Now the project has become mired in a mix of politics, ethics and the law, with the Northern Ireland police trying to get hold of the archive and appeals are being made for the intervention of the Secretary of State, Hillary Clinton, and the US Attorney General, Eric Holder.
The project started in 2001 when some 40 or so paramilitaries and activists were interviewed over the next five years, according to Boston College magazine. The interviewees were people who had lived and fought through 30 years of political violence, either on the republican or loyalist side. Those interviewed were given a guarantee that material would be held securely in Boston College’s Burns Library until the interviewees died or consented to their interviews being made public.
Voices From the Grave: Two Men’s War in Ireland by Ed Moloney, published in 2010, was the first material to be made public, following the deaths of Brendan Hughes, former IRA commander, prisoner and hunger striker, and David Ervine, former UVF member and member of the Northern Ireland Assembly for the Progressive Unionist Party. The book relied heavily on the interviews, giving it authority and authenticity, with Moloney providing context and a narrative.
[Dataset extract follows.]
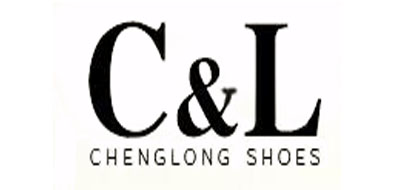 C&L是什么牌子_诚隆品牌怎么样?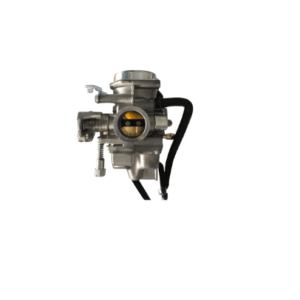 carburador honda cargo 150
Hughes, a controversial figure, was responsible for some of the most violent events of the Troubles. He believed the Good Friday Agreement, and the compromises that entailed, meant he lost everything he had fought for and that his former comrades, especially his friend Gerry Adams, had sold out. Ervine, on the other hand, steered the UVF towards ceasefire and believed he and his community emerged out of the troubles with a stronger union with Britain.
The book offered insights into what made the two men do what they did. There was no doubt that the Brendan Hughes half of the book is the most riveting. Ervine is more restrained, telling us little if anything about what he did while in the UVF before being arrested. Hughes, on the other hand, appears to be completely honest and saw this project as his only chance to tell his story. We learn why he joined the IRA, how he was trained, what life was like for an IRA volunteer, and then commander, how decisions were taken, what life was like in Long Kesh prison, along with the blanket protest and later the hunger strikes. He also explains the morality that guided him. And we learn about Gerry Adams.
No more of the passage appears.